Segment Start: Extracted information

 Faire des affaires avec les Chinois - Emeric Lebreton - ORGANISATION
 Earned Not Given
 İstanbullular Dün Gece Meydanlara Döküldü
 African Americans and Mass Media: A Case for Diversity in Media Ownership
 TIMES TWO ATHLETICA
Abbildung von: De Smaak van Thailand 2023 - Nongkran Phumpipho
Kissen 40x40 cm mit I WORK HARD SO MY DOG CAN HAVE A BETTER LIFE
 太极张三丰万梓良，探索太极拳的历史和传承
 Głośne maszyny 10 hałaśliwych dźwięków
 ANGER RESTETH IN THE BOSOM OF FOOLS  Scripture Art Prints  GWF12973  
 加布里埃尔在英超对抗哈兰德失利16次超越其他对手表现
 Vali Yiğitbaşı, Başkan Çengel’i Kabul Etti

Segment End: Extracted information
Segment Start: Extracted information

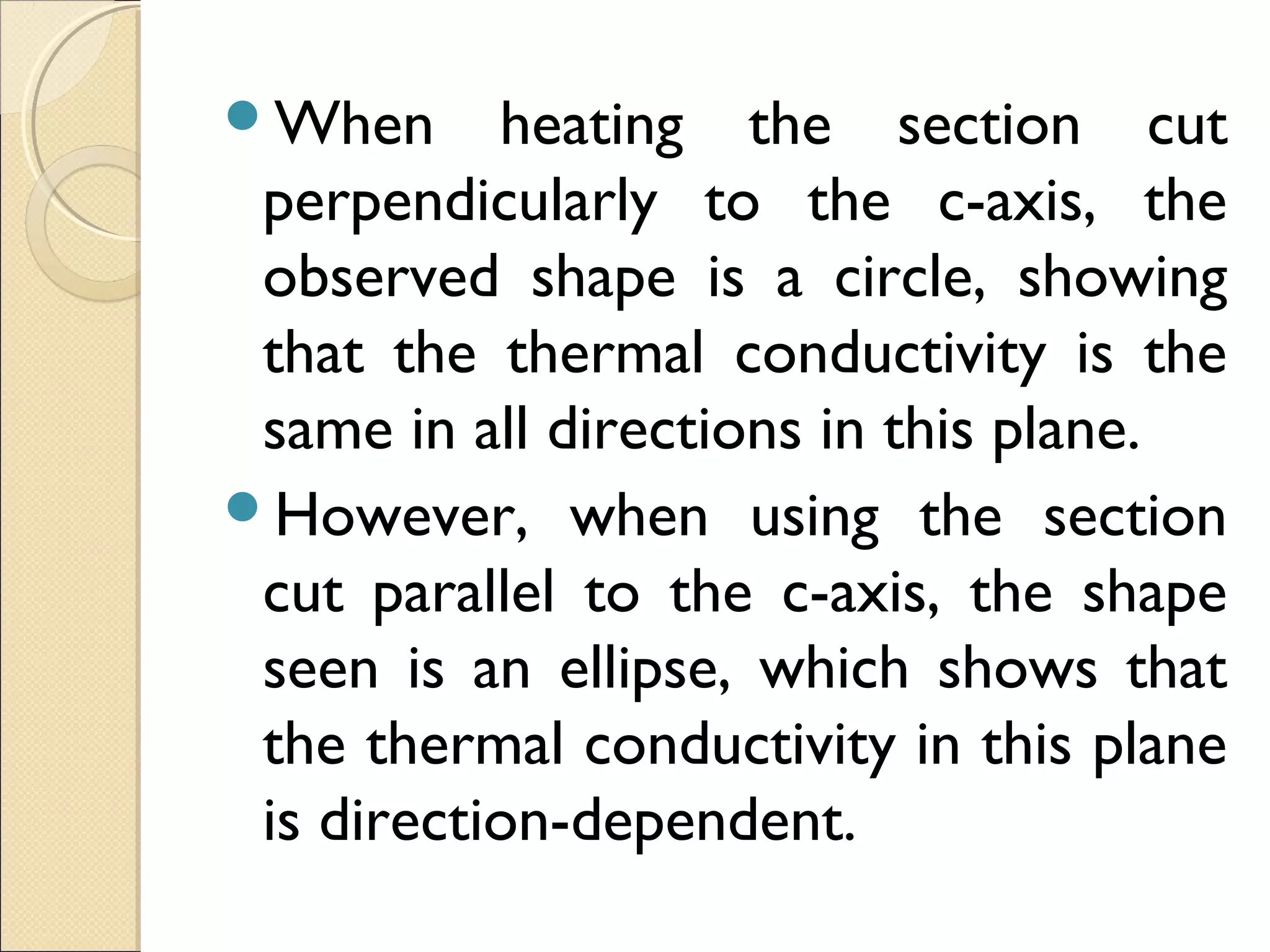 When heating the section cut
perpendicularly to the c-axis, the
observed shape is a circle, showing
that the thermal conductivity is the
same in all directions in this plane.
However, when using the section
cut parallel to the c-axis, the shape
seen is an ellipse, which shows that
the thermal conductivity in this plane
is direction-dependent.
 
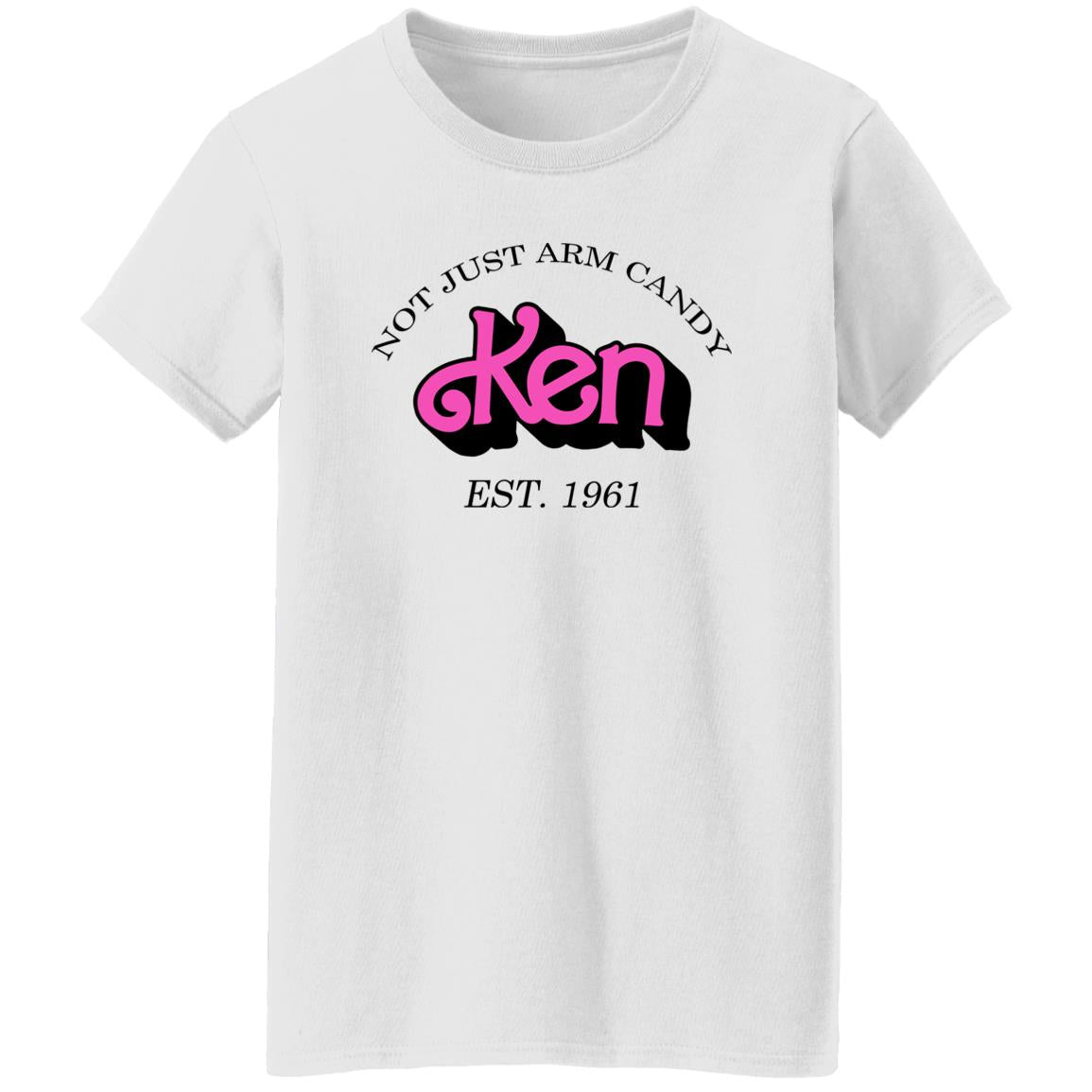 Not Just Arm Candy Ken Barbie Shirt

Segment End: Extracted information
Segment Start: Extracted information

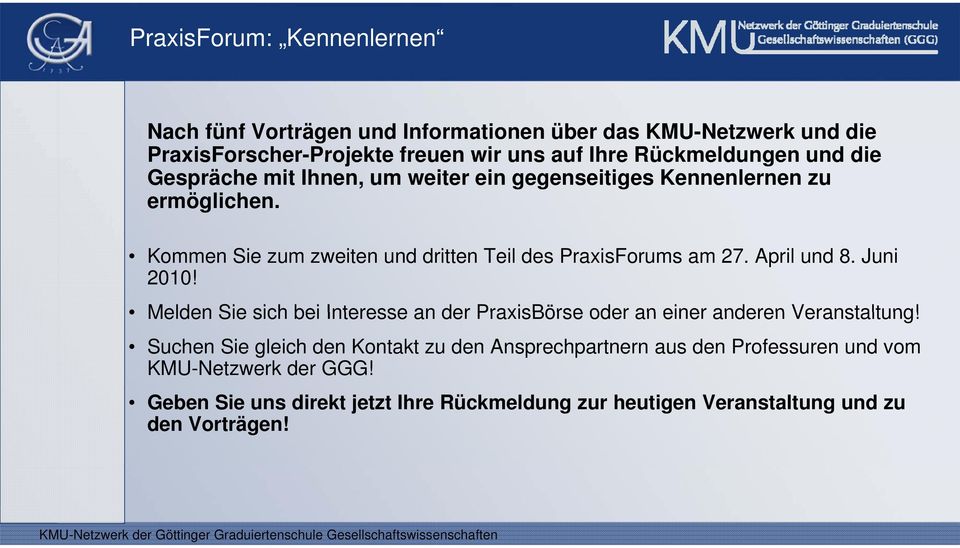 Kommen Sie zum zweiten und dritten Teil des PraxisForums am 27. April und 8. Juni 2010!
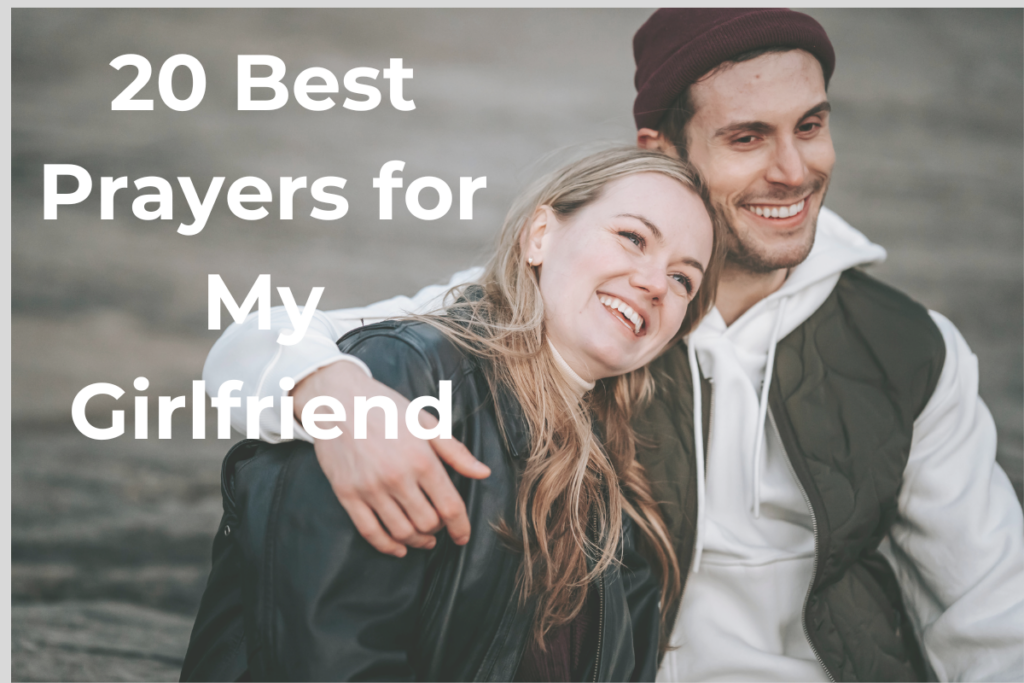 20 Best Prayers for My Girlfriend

Segment End: Extracted information

Output exactly the lines above that lie between the line with "observed shape is a circle, showing" and the line with "Not Just Arm Candy Ken Barbie Shirt", those two lines included, and no pictures.

> _Task result_:
observed shape is a circle, showing
that the thermal conductivity is the
same in all directions in this plane.
However, when using the section
cut parallel to the c-axis, the shape
seen is an ellipse, which shows that
the thermal conductivity in this plane
is direction-dependent.
 
 Not Just Arm Candy Ken Barbie Shirt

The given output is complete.